Through her qualitative research, she distinguished patterns and problem areas that occurred during the transgeneder transition process. From there, she came up with a set of recommendations for human resource (HR) managers and future researchers to further pursue.

“Something that was encouraging is everyone talked about HR as a major advocate for transgender people at organizations. That’s the next step to train people to deal with these situations because they are coming to us for help”.

Owens is planning to incorporate her research into her future endeavors. She recently accepted a position at UW-Madison in the office of the vice chancellor for research and graduate education as a human resource assistant. 
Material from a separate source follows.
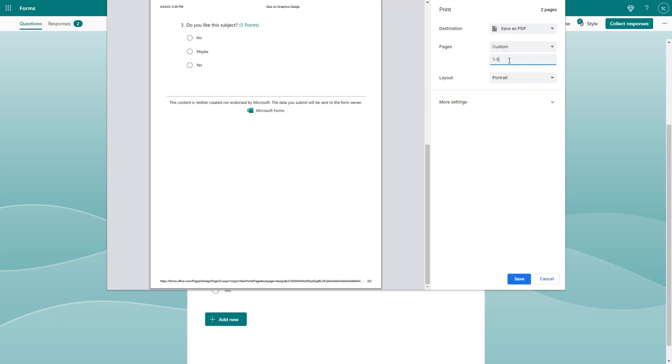Like if you have five pages, you can see one to five pages as well. But in my case, I got only two pages, so I'm going to select one to two.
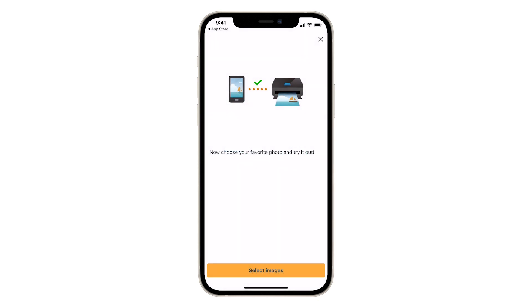Once setup is complete, you have the option to make a test print using a photo from your camera roll. If you'd like to do this, tap Select Images.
Other student scholars who presented their research at the symposia in December included:

  • Barbara Bass (chemistry major, neurosciences minor), of Homer Glen, Illinois, “The Chemistry of Iontrophoresis and Its Treatment of Breast Cancer.”
  • Amber Bergthold (English major, Spanish minor), of Ripon, “How Culture Has Shaped the Story of Snow White.”
  • Noah Borchardt (biology major), of Verona, “The Effects of Potassium Titanyl Phosphate Laser Treatment of the Vascular Architecture of Rabbit Vocal Folds.”
  • Melani Debish (nursing major), of Menasha, “Screening for Prenatal Substance Abuse.”
  • Tabitha Dorshorst (anthropology and kinesiology majors, neurosciences minor),  of Rudolph, “Frequency Distribution of Individual Traits within and between Populations of Different Ancestry.”
  • Abygail Grasee (nursing major), of Ripon, “Nursing and Patient Care at the End of Life.”
  • Monika Greco (philosophy and political science major), if Milwaukee,“Two Analyses.”
  • Gabrielle Hass (music industry-music business  and recording technology and vocal performance major), of Neenah,“Music Studio.”
  • Jamie Heberer (history major; German minor), of Cedarburg, “Rhetorical Analysis of FDR Fireside Chats and How They Played into the Neutrality Debate.”
  • Lauren Jares (elementary education major, language arts minor), “of Neenah, Educators Work with English Language Learners.”
  • Corissa Mosher (journalism major, political science minor), of Marshall, “Subjectivity and Ecofeminism.”
  • Kayla Newman (psychology major), of Hartford,“Placing Blame: Attributions for Acts of Infidelity and the Influence of Dark Triad Personality Traits.”
  • Clarissa Rueckert (nursing major), of Albany, “Cognitive Load Theory and Nursing Students.”
  • Jesse Schwartz (economics and finance major, German minor), of Neenah, “What Is the Impact on a Major League Baseball Player’s Performance the Year Following a Large Contract Negotiation.”